What is expected: Would you retype exactly the lines below, starting with the one that has "AP-SIC100B supports a" and going on through the one that has "Hi, welcome to", with no pictures and nothing else?

Provided material:
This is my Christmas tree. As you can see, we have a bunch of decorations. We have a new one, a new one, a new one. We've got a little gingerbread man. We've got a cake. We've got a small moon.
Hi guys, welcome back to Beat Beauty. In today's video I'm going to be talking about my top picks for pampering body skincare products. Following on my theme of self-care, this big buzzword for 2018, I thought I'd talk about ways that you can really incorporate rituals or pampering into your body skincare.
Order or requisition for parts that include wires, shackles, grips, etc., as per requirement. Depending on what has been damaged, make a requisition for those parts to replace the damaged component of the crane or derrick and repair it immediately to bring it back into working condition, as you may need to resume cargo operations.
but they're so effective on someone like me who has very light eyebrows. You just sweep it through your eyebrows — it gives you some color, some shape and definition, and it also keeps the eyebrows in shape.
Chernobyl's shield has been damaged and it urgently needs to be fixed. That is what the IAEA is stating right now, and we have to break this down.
--
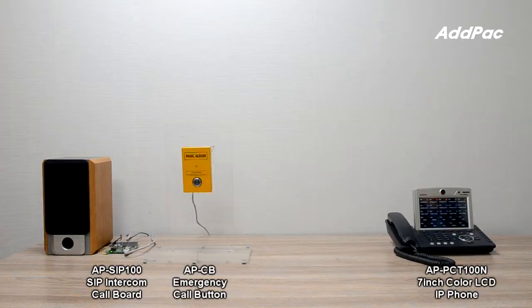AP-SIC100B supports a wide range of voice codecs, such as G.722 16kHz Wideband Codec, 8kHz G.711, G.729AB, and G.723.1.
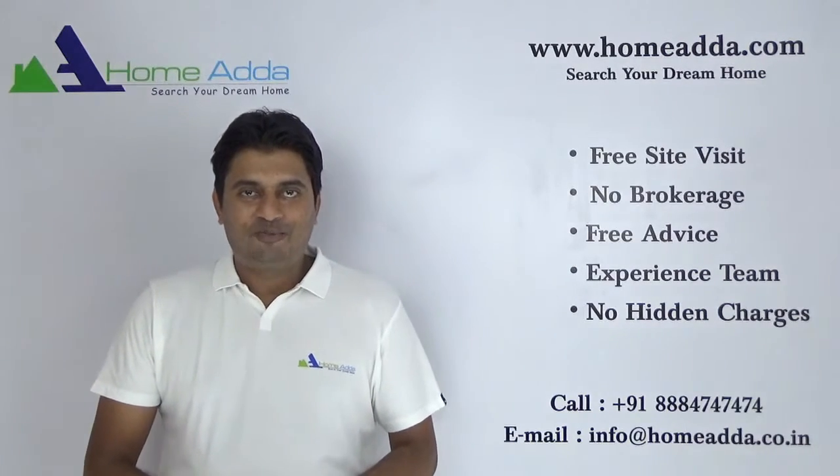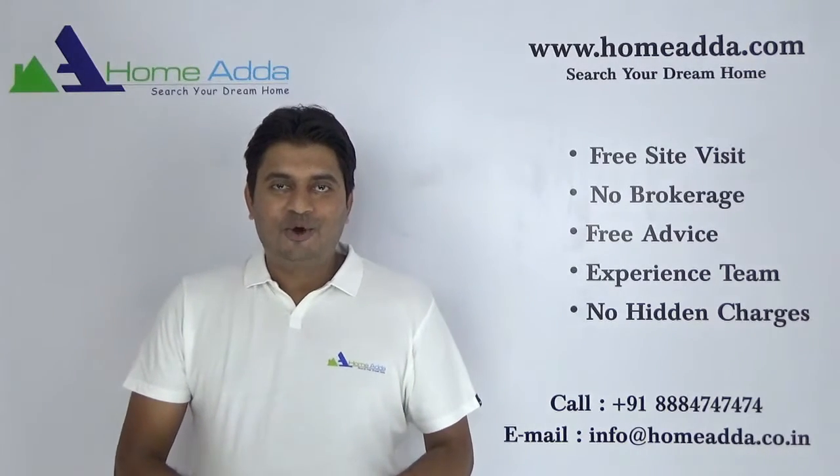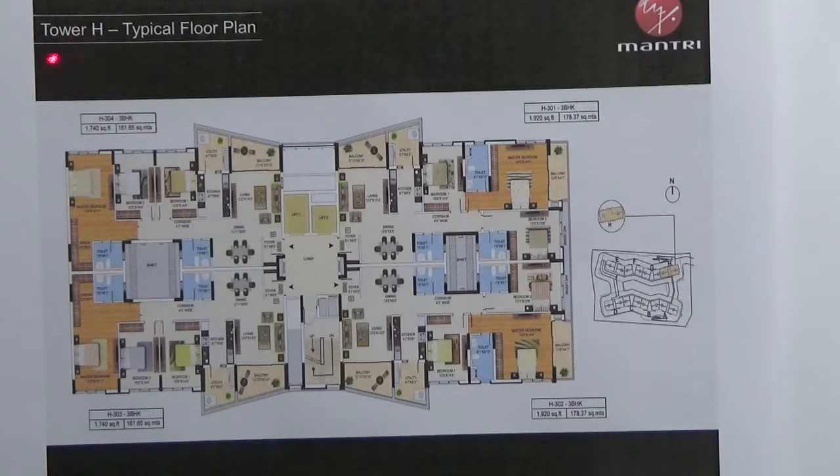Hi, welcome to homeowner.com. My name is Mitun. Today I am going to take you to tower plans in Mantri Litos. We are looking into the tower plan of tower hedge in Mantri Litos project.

Solution:
AP-SIC100B supports a wide range of voice codecs, such as G.722 16kHz Wideband Codec, 8kHz G.711, G.729AB, and G.723.1.
Hi, welcome to homeowner.com. My name is Mitun. Today I am going to take you to tower plans in Mantri Litos. We are looking into the tower plan of tower hedge in Mantri Litos project.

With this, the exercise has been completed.